Yeah, that's just a start but it makes sense considering the magnitude of the problem. Source information, for example, would be which computer or CD the photos came from. For most photos, the EXIF information from the camera will give me the actual date and time the photo was taken. But, if that isn't available (edited photo, for example), I will settle for the Linux filesystem timestamp.
I see getting this stuff organized as a four-step process.
- Find all the photos—this is a combination of physical
work and then building lists of filenames. A find command
can do the dirty work. for example
find /home/tux/Pix -iname "*.jpg" >file.listcan do most of the work. Multiple lists can be built on a directory or directory tree basis.
- fotosort (the program I am talking about here) and my time can be used to process each list. It will allow me to skip a photo or add some tagging information and save a copy, All the "processed" photos will end up in one big tree with the database pointing to them.
- Toss duplicates. This will be the next programming project. With an MD5 digest and the file size (in bytes) in the database, it will be easy to find files that are duplicates.
- Create photo galleries.
Whether I elect to do the final step—create the galleries— manually, using one of the many existing programs or write something to do it myself, I am already heading in the right direction. All the information I need is in a database and the photos are all in one place.

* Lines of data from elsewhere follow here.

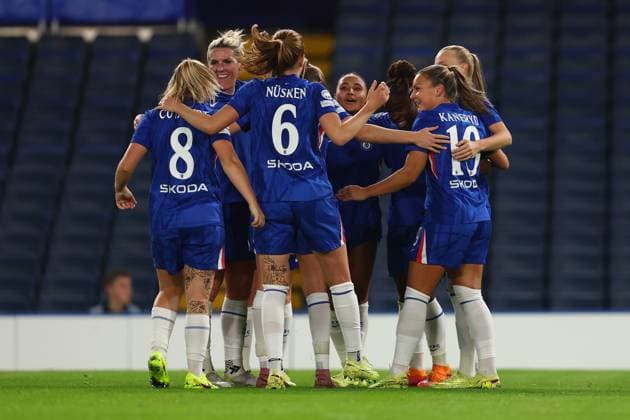 London, England, 15th October 2025. Sandy Baltimore (2nd R) of Chelsea celebrates after scoring the opening goal during the Chelsea Women vs Paris FC UEFA Womens Champions League match at Stamford Bridge, London. Picture credit should read: Paul Terry Sportimage EDITORIAL USE ONLY. No use with unauthorised audio, video, data, fixture lists, club league logos or live services. Online in-match use limited to 120 images, no video emulation. No use in betting, games or single club league player publications. SPI_009_PT_Chelsea_W_Paris_W SPI-4216-0009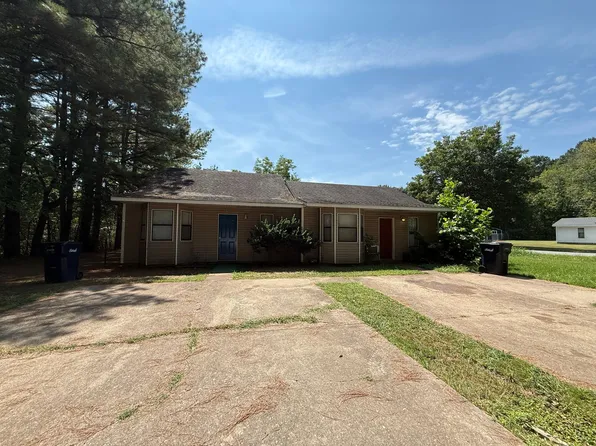222 & 224 W Quail Valley Dr, Batesville, AR 72501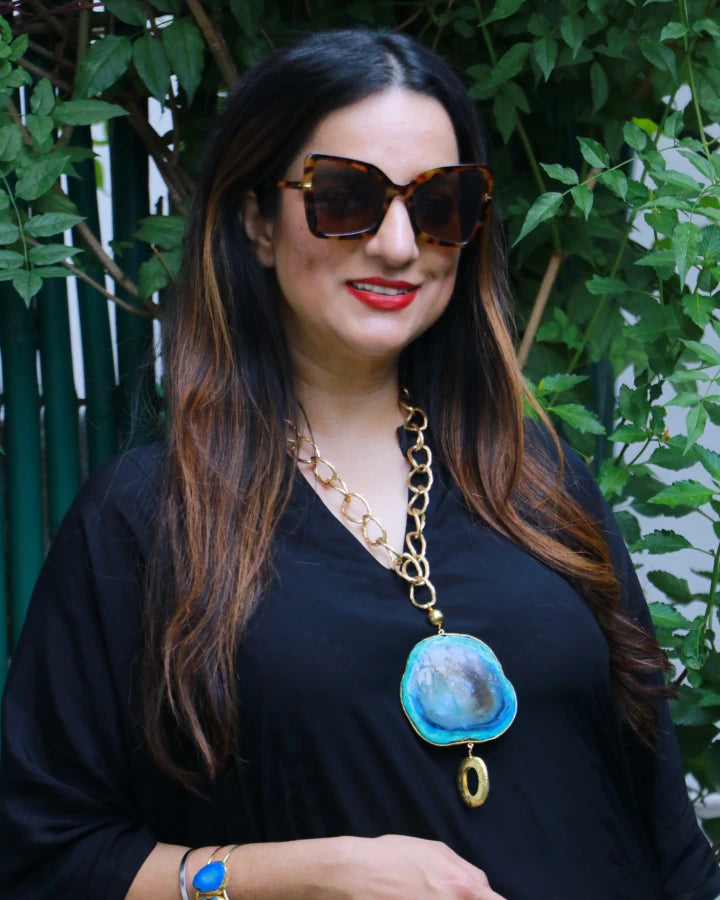 Turquoise Blue Agate Bold Necklace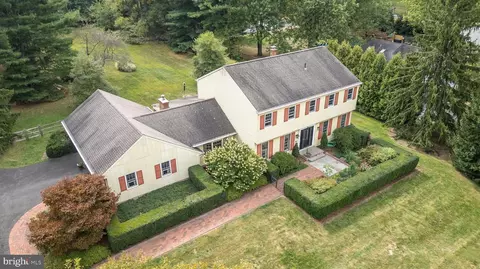 3045 Antler Dr, Doylestown, PA 18902
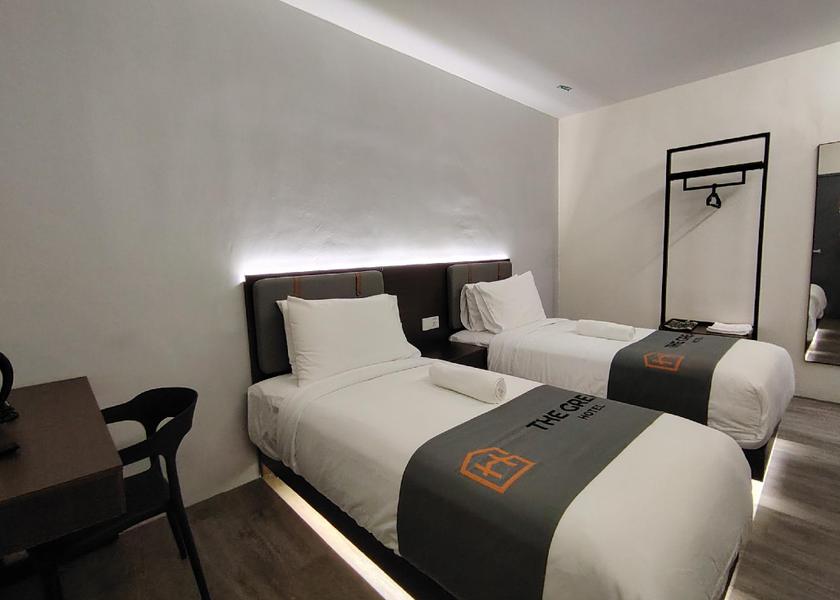 Perak Bota Standard Twin - 2 Single Beds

Let's look at what I have created. It is far from a work of art as it has experienced the typical evolution sequence that most programs go through. But, it works. If I was going to use it regularly, I would invest a bit of time to clean it up and add error handling but it is petty much a one-shot for me.
Class Rec is not much more than a comment that shows what data I will need. When used to create an instance, it is passed the source_info string. It will be common for all the records created in a single run of fotosort.
The main program opens the filename list passed as a command line argument and opens the database (or creates it and the file tree if it doesn't exist). It then loops through those filenames displaying them using GraphicMagick's display function and checks to see if you want to save each one. If you say skip, it moves on to the next file.
If you elect to save the file it gets the file timestamp, bytecount and MD5 digest, prompts for the flags and description, inserts the information into the database and copies the image file over to the new tree. No matter whether you picked save or not, the image display is terminated by calling kill with the pid returned when it was started. All the nitty gritty is handled by functions. Here is a quick look at the important ones.
tree_setup() creates 100 sub-directories named 00 through 99. As I have 10,000 files to play with I certainly don't want to put them all in one directory. They will be stored in the 100 different directories selected by the last two digits of their filename. For example, picture z_000021, z_000121, z_099921, ... will all be stored in sub-directory 21.
store_open() checks to see if the data directory is accessible. If so, it opens the database and returns the sqlite3 connection id. Otherwise, with your permission, it creates a new file tree (using tree_setup() and initializes the database.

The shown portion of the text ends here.